--- DATA SUPPLIED Enclosed Below ---
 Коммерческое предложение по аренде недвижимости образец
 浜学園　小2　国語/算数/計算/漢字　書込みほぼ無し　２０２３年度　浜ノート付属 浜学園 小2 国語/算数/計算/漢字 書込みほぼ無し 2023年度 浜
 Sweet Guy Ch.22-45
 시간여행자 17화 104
--- End of Enclosed DATA SUPPLIED ---
--- DATA SUPPLIED Enclosed Below ---
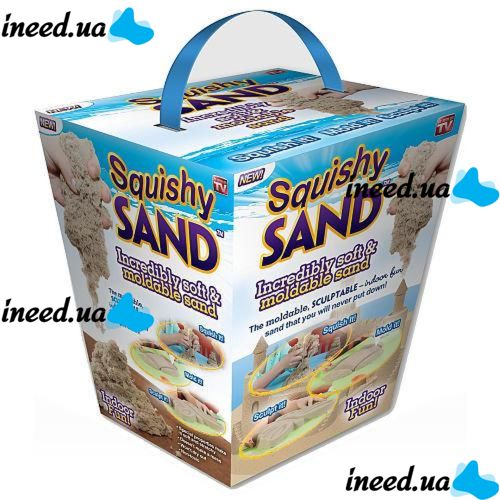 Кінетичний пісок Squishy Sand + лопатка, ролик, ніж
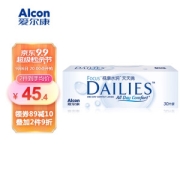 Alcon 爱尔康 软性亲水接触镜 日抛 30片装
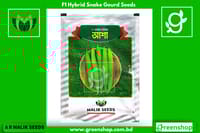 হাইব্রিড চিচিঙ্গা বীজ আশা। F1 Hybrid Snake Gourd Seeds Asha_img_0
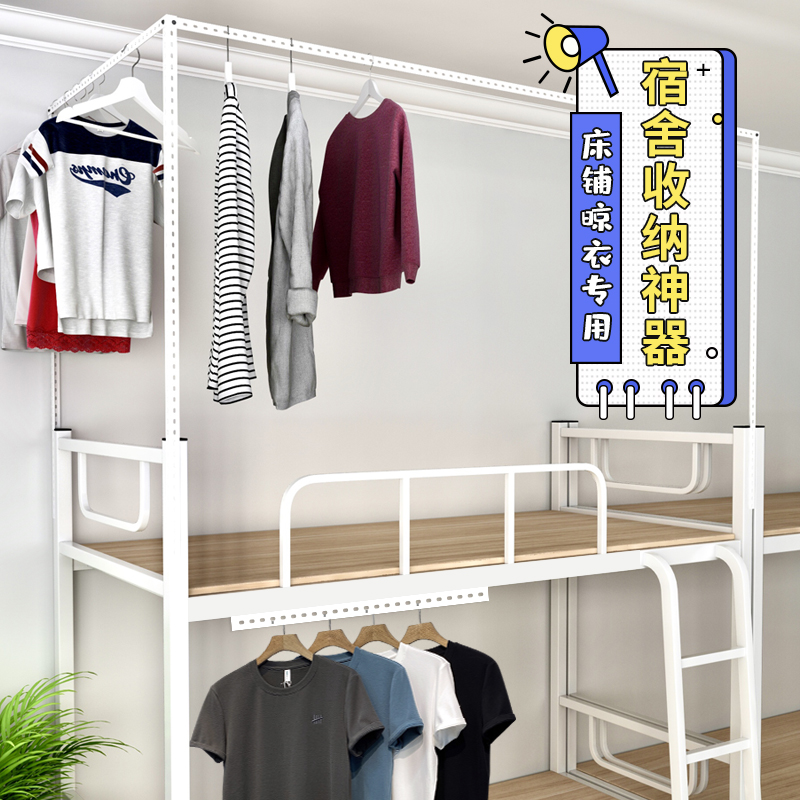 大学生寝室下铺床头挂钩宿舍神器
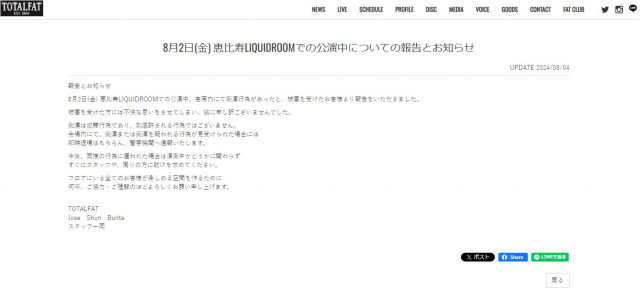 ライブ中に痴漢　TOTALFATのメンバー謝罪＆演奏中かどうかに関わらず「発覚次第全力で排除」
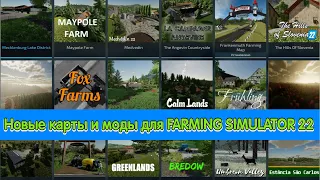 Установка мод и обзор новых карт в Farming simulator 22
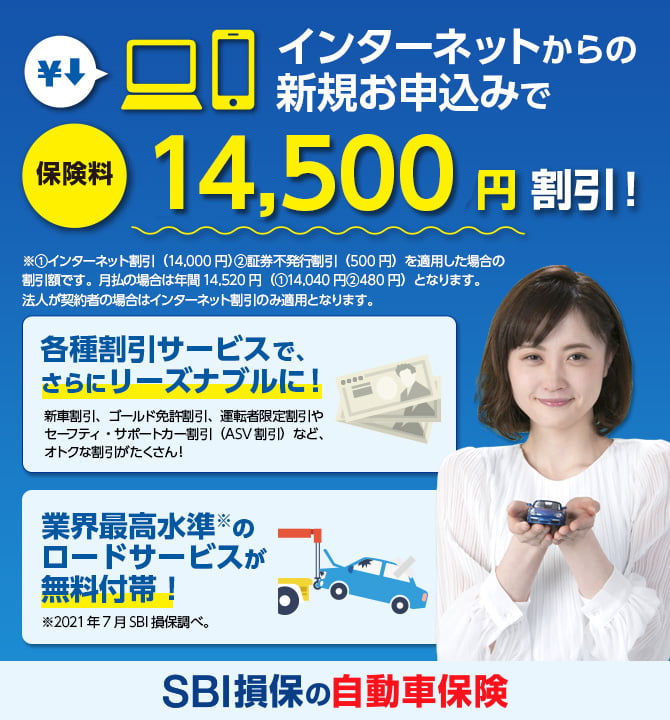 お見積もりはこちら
--- End of Enclosed DATA SUPPLIED ---
--- DATA SUPPLIED Enclosed Below ---
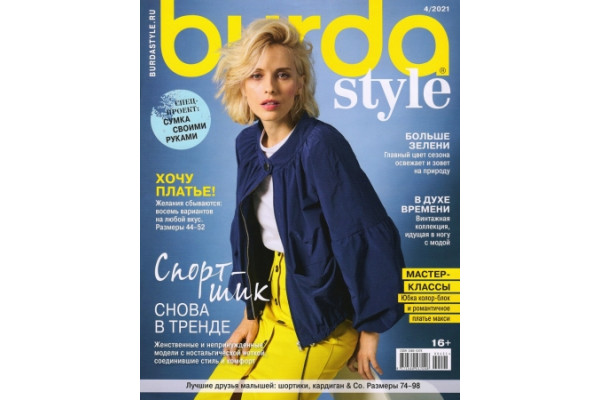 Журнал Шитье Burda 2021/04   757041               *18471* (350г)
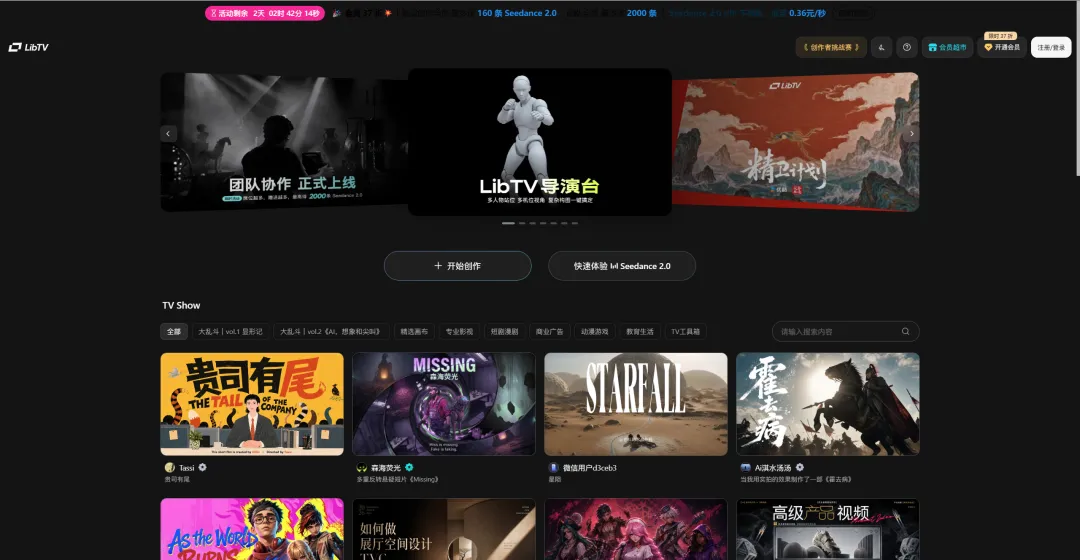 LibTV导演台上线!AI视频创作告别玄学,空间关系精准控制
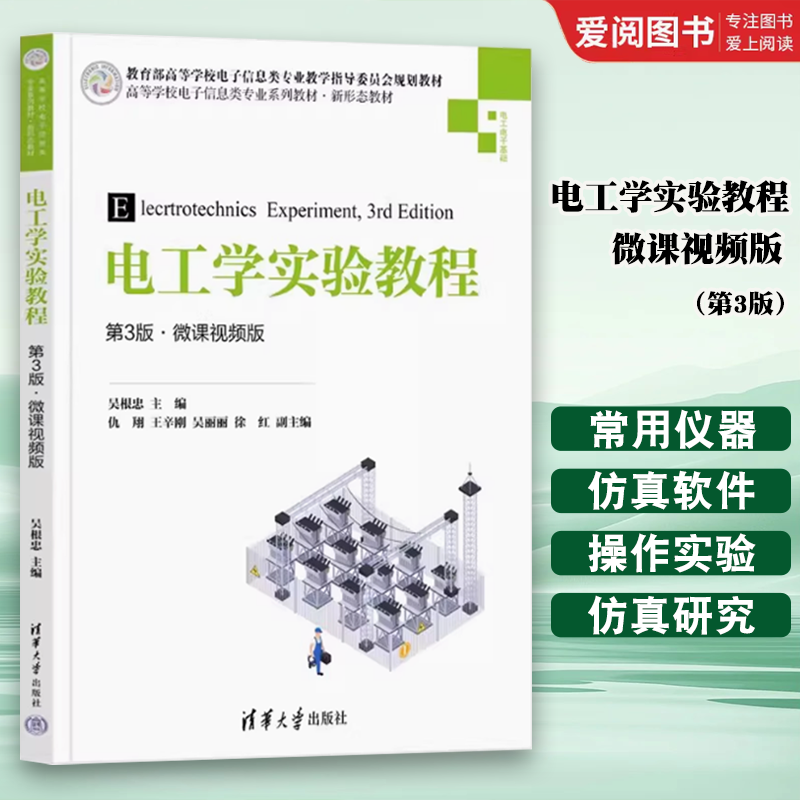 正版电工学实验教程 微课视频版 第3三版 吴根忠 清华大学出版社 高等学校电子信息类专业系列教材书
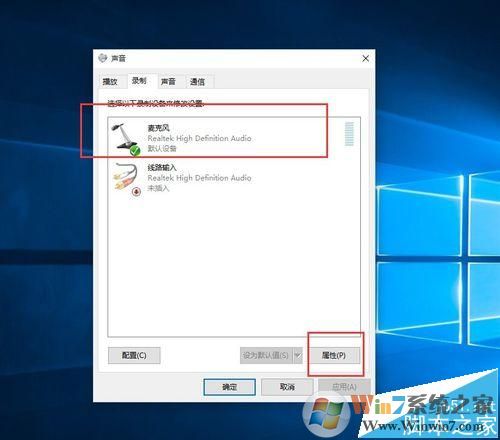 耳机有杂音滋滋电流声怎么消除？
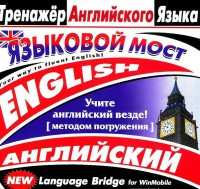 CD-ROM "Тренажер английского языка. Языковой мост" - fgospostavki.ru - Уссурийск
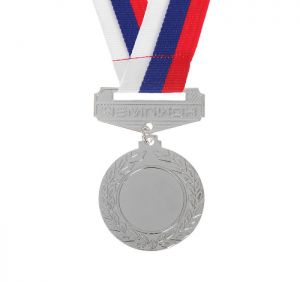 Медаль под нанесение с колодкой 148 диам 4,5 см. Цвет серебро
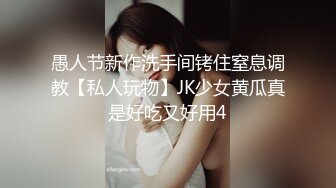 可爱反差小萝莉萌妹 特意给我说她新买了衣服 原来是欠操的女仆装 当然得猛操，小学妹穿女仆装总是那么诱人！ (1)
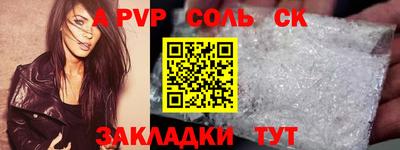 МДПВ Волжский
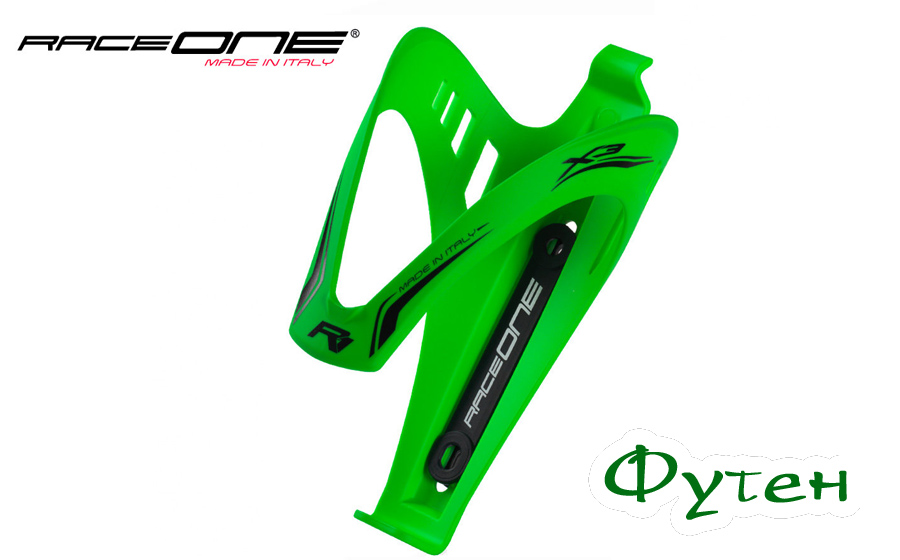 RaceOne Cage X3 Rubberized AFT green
--- End of Enclosed DATA SUPPLIED ---
● REQUIRED WORK: Leave the pictures out, and transcribe exactly the lines above starting at the one that contains "fgospostavki.ru - Уссурийск" and ending at the one that contains "RaceOne Cage X3 Rubberized AFT green".

● WRITTEN SOLUTION:
 CD-ROM "Тренажер английского языка. Языковой мост" - fgospostavki.ru - Уссурийск
 Медаль под нанесение с колодкой 148 диам 4,5 см. Цвет серебро
 可爱反差小萝莉萌妹 特意给我说她新买了衣服 原来是欠操的女仆装 当然得猛操，小学妹穿女仆装总是那么诱人！ (1)
 МДПВ Волжский
 RaceOne Cage X3 Rubberized AFT green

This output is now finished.